The immersive show is now open and is housed in a purpose-built gallery in Kensington Gardens. You can step right inside the artist’s paintings for a new way of looking at his work. From static displays to reimagined variations on masterpieces, Van Gogh Alive does away with the conventions of traditional art galleries where silence is golden. Music accompanies the shows, which are projected throughout a number of rooms and onto a variety of surfaces.
There are other areas that allow you to interact physically in interpretations of spaces that Van Gogh would have seen with his own eyes. These living paintings are perfect for social media posts, but also give you a chance to understand how the Dutch artist visualised real places and objects.
One of those places that left a big mark on a young Vincent is now the site of a building that honours his time in the city. “The Van Gogh House is a small, terraced house in Stockwell, South London, where Vincent lived for a year in 1873,” says Livia Wang. “He was very happy living here, writing about the flowers he grew in the garden and the school that his landlady ran from the front parlour. The building is 200 years old and has hardly changed in all this time.” Van Gogh House is open to the public, with guided tours, workshops and other exhibitions available to visitors.
Fellow artists are in for an even bigger treat, however, as Wang tells Culture Trip about the most exciting aspect for many future creatives: “Residencies are a big part of our programme, where we close the house for periods to allow artists to live and work from the building. Artists are able to sleep in Van Gogh’s bedroom and work from a purpose-built garden studio. I think it is brilliant that new art can be made in this historic setting.”

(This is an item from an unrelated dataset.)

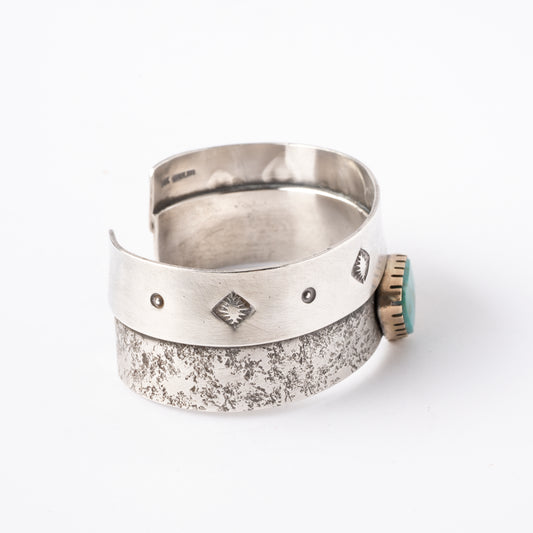 Vintage Sterling Silver Cuff Bracelet with Turquoise Stone set with 14K Gold Bezel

Not many Londoners know about the time Van Gogh spent in their own city. Wang says: “Vincent came to London to work for his uncle’s art dealership, Goupil & Cie. They had offices and showrooms in the Hague, Paris, Berlin, Brussels, New York and London. The office in London was more of a warehouse than an art gallery, and Vincent would have learnt how to deal prints and reproductions of paintings, earning around £90 a year – which would have just about covered his room and board, with a little to spare.”
Let’s not dwell too long on how far £90 would get you in London today, and instead take a closer look at what Vincent (apparently, the artist got locals to call him by his first name, as many found it difficult to pronounce his surname properly) got up to in the bustling capital.
One of the first things he did was buy a top hat, to try to fit in with the fashion of the time. “Vincent loved to walk round the city, too, including commuting from our house on Hackford Road in Brixton to the office in Covent Garden six days a week,” says Wang. “According to his letters, this took a mere 45 minutes, favouring a route over Westminster Bridge. He would also spend weekends in Hyde Park admiring people riding on Rotten Row, as well as taking long walks to Crystal Palace and Box Hill. He visited London’s galleries, such as the National Gallery, the Royal Academy of Art, the British Museum, the South Kensington Museum (now the V&A) and Dulwich Picture Gallery. His signature is still in the guestbooks of these places today.”
It would be a stretch for Londoners to claim Van Gogh as one of their own – he did speak four languages and spent significant time in several European countries, after all – but there does seem to be something special about his time here. Wang says: “As a Londoner, Vincent read voraciously, from the poems of Keats to the bucolic landscapes of George Eliot. He particularly loved the socially engaged stories of Charles Dickens. He would often buy copies of London magazines The London Illustrated News and The Graphic, poring over the black-and-white prints illustrating the plight of London’s working classes, prints he continued collecting throughout his life.”
Van Gogh Alive lets you step into the worlds the artist created and get a better understanding of what makes his work endure to this day. The show runs until 26 September and is open seven days a week. Tickets can be booked in advance, and the closest tube is High Street Kensington.